Certainly, the UN International Criminal Tribunal for the former Yugoslavia in The Hague has convicted the main perpetrators and documented the crimes. And in the commemorative speeches on the occasion of the anniversary of the massacres in Srebrenica 25 years ago, there was a renewed call for further criminal investigation and for the crimes to be remembered. But the ex-Yugoslav peoples are far from reconciliation. Even today, the wars in Yugoslavia, which lasted almost a decade, leave many unanswered questions and, above all, a shameful picture of the international inability and unwillingness to act.

The writer, author and publicist Peter Schneider dealt intensively with the wars in the Balkans in the 1990s and took a stand early on: not for a specific ethnic group, but for the civilian population, where the Bosnian-Muslim community was the most under threat: according to the United Nations Yugoslavia Tribunal, almost 70 per cent of the civilian casualties of the Bosnian war were Bosniaks.

In his recently published volume of essays, Thinking with Your own Head (2020), which brings together texts from three decades (1989-2020), each of which is accompanied by a contemporary commentary, the chapter “War in Europe” is of particular significance. In the very first text (May 1993) under the title “Serbian Barbarism and Ours”, the author condemns the comfortable attitude of “hand-wringing spectators during the genocide”, which was to be found everywhere, and states that it would be tantamount to a “moral perversion” if those who, in view of the obvious barbarity, advocated military intervention to protect the civilian population were to be portrayed as “bellicists” and “militarists”.

In the following interview, the author describes how his world of thought has changed due to personal experiences as an observer on site in the besieged Sarajevo basin. Additional excerpts from previously unpublished diary entries provide a vivid picture of the events of that time.

 

Interview

MR: Mr. Schneider, in a recent commentary on your 1993 article “Serbian Barbarism and Ours”, you write that it became a “turning point”, a “point of no return” for many of your later interventions, as well as a “starting point for lasting enmities in the German feuilleton”. Could you describe the mental-ideological conflict in Germany at the time in a little more detail?

PS: The post-war doctrine “Never again war!” has lost none of its force even today. This one sentence formulated the consensus on which the war and post-war generation could agree. It was never my intention, and still is not, to dispute the importance and necessity of this doctrine. But if someone in Germany at the beginning of the 1990s had suggested that the sentence was firstly incomplete and secondly blurred the difference between the perpetrators and the victims, one can imagine the consternation and also the anger that this criticism would have triggered.

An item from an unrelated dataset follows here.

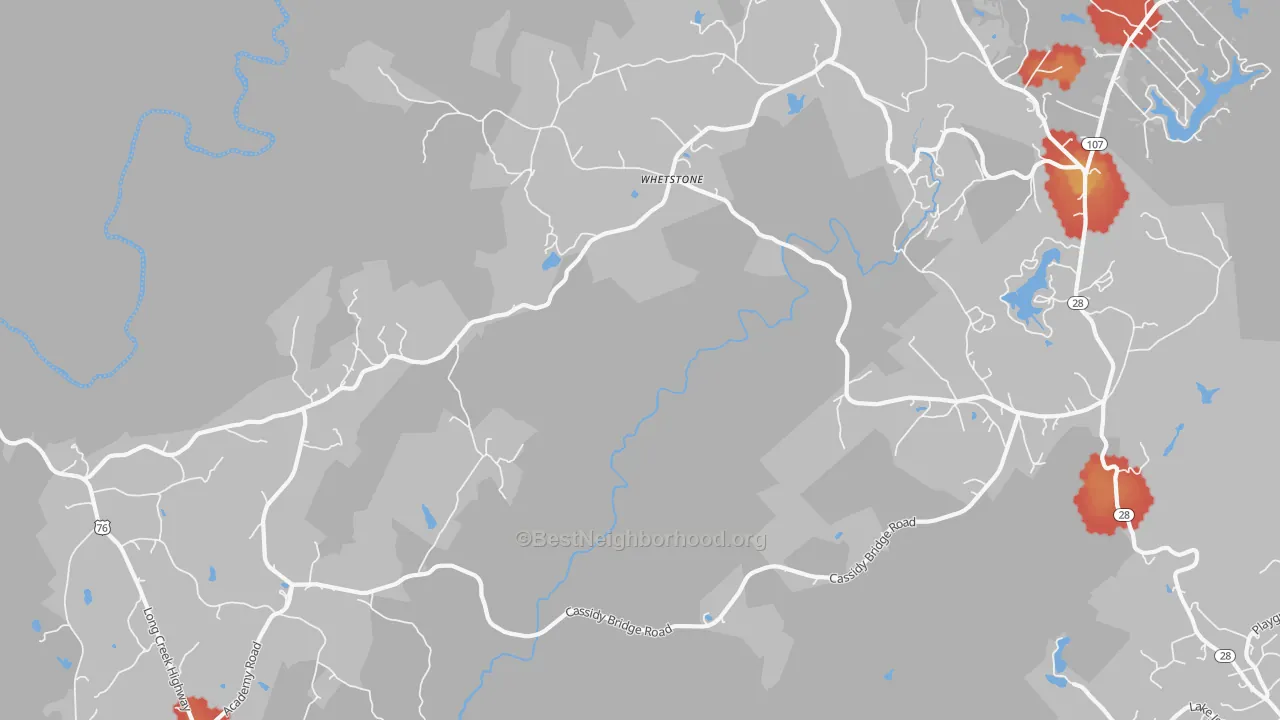 Walk Grade map of Whetstone, SC, walkable areas in green and car-dependent areas in red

Even to hint that it should better have said: “Never again aggression, never again racism, never again assault…” made one suspected of being bellicist. But it was clear that the people the Germans had attacked could hardly draw the same conclusion from this experience as the Germans. Of course they would defend themselves in the case of a new German aggression, so they would take up arms. In view of the ethnic expulsion wars in Bosnia, I got the impression that the post-war German consensus all too often served as an excuse for turning a blind eye to the crimes committed against the civilian population. My experience in Sarajevo – a then unarmed and completely defenceless city that was under fire from a nationalist Serbian militia for three years – hardened into the conviction that nothing would help here but international military intervention. This was new to me and overturned my previous rather pacifist convictions – I myself was, of course, also influenced by the post-war consensus described above.

MR: Were there also positive reactions?

PS: I only received explicit applause for my essay from Marie-Luise Beck and Ralf Fücks from the Greens, from Dany Cohn-Bendit, André Glucksmann and Bernard Henry Lévy. Mike Levitas, who published the article on the “Opinion” page of the New York Times, which he was in charge of at the time, called it the best “op-ed” of the year. Most opponents were content with invective such as bellicist, warmonger, renegade, etc.

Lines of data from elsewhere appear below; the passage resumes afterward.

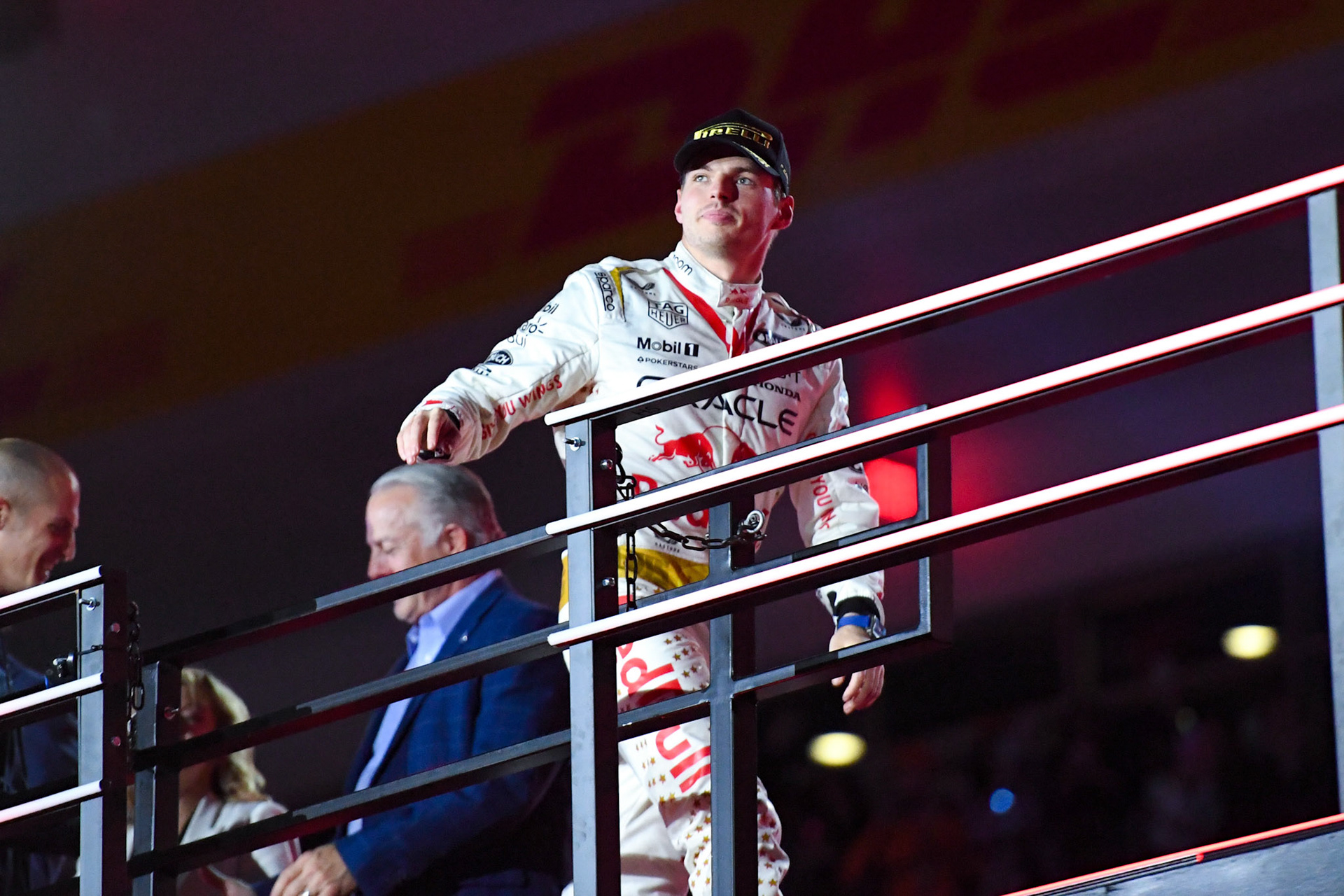 Max Verstappen (NED) Red Bull Racing auf dem Podium;Formel 1 GP USA Las Vegas. Sonntag 19.11.2023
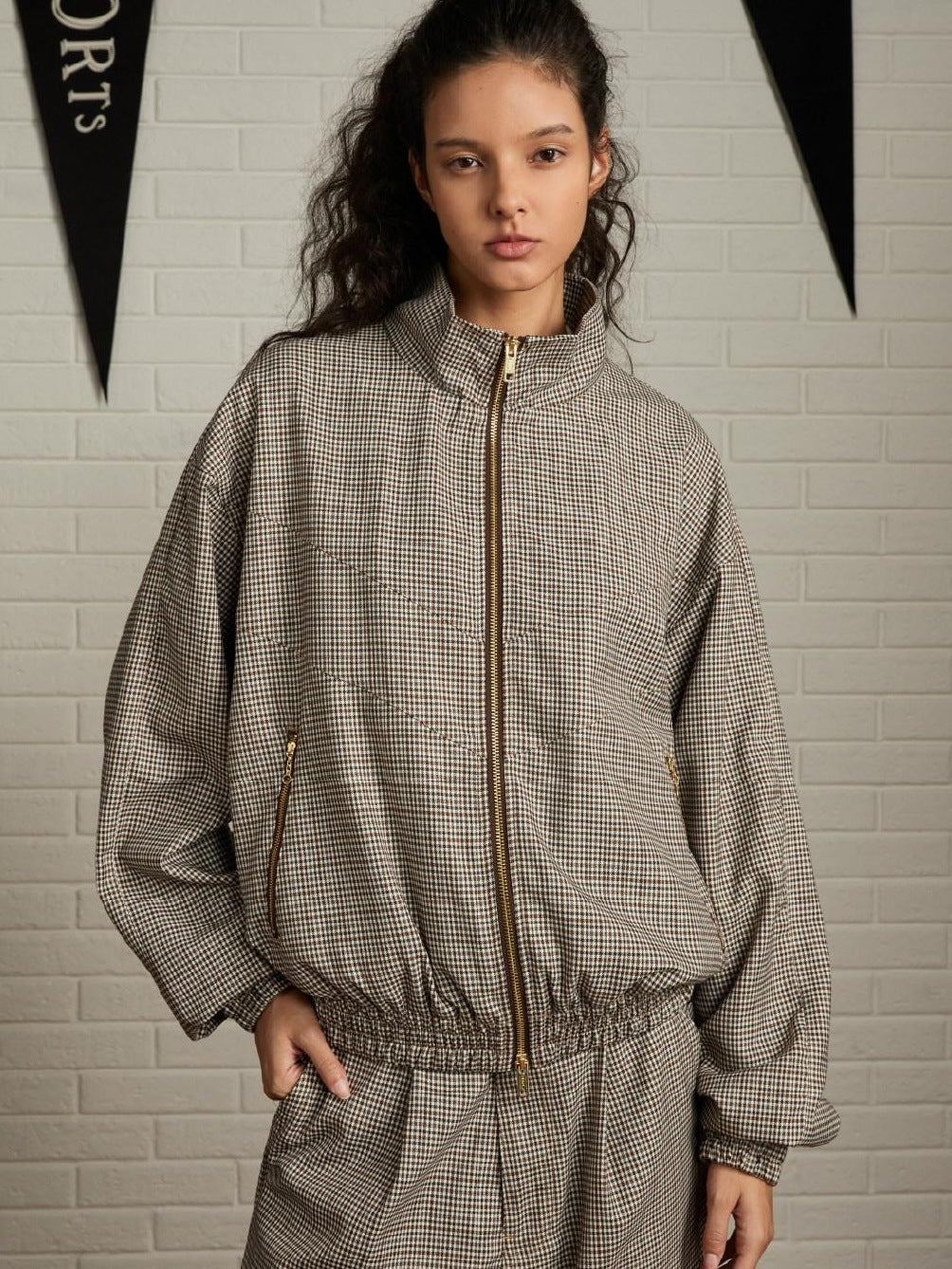 SUPERTOFU Retro Houndstooth Loose Fit Stand Collar Elastic Hem Unisex Zip Track Jackets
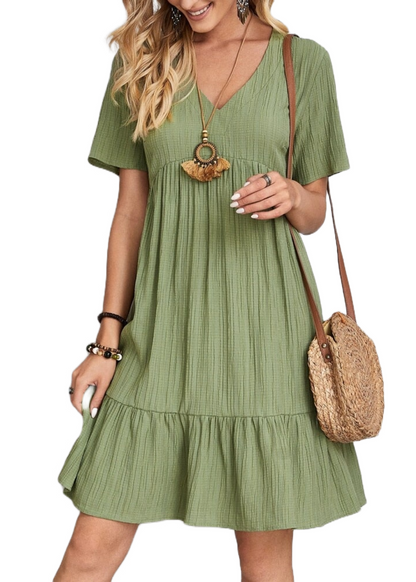 Summery V-Neck A-Line Dress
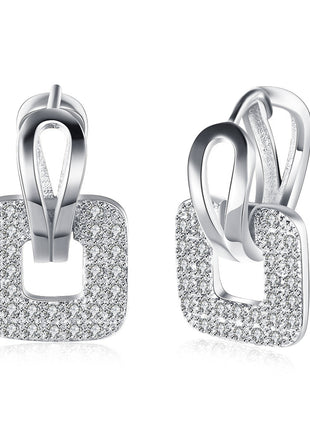 Square Rhinestone Zircon Stud Earrings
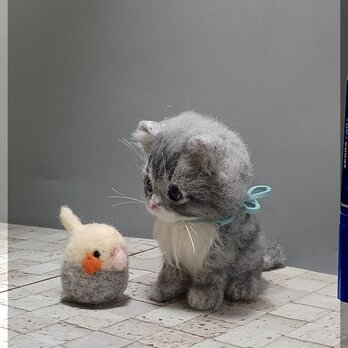 羊毛フェルト　猫　ふさふさな子猫　ねこ　ネコ　猫フィギュアの画像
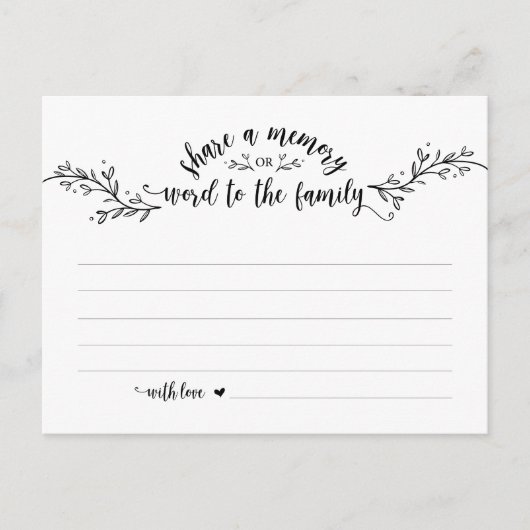 葬儀サービス、素朴ブラック、共有メモリカード ポストカード (正面)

But there was another reason for my change of heart. From the reactions of almost the entire left and liberal German public to the Polish strike movement Solidarność and to General Jaruzelski’s coup d’état, I had observed how the invocation of peace and world peace became an instrument of repression against a legitimate freedom movement. In fact, even before my critical reflections on the German post-war consensus, I had already begun to struggle with the sentence “There is nothing more important than peace”, although it came from my idol Willy Brandt[1]. The comments of Rudolf Augstein, Theo Sommer and Helmut Schmidt occasioned my observation. “We regret that this (General Jaruzelski’s coup) became necessary”, said the German chancellor as he got off the train during a visit to the GDR. He could have said yes, we regret that this – the coup – has happened, that the General did not negotiate with Solidarność etc. But no, he said that this – the coup – was “necessary”, and so he needlessly took the side of the putsching general. Helmut Schmidt, who is known to be the favourite chancellor of the Germans, made similar statements about the protest movement in Tian‘anmen Square. I only add here that in my eyes the courage and persistence of the Solidarność movement contributed decisively to the fall of the Wall – an opinion that I can prove just as little as Helmut Schmidt can prove his own. That an initially unsuspicious principle such as the defence of peace can degenerate into an instrument of repression was something I knew through exchanges with my friend Thomas Brasch, who used many examples to illustrate how every democratic movement in the GDR, no matter how small, was stifled with the warning “You are also for peace, aren’t you?”

 

(Peter Schneider was in Sarajevo in January 1994, at the invitation of Reporters without Borders, to make a documentary film there with a local Bosnian station. At that time, the city, which is located in a basin, was under multiple bombardments every day. Looking back, he writes that “probably nothing has changed, even overturned my previous view of the world as much as my visit to Sarajevo”. When asked what exactly had caused this change, he refers in the interview to previously unpublished diary entries: two longer entries from January 1994 make it clear how his own view of the world changed.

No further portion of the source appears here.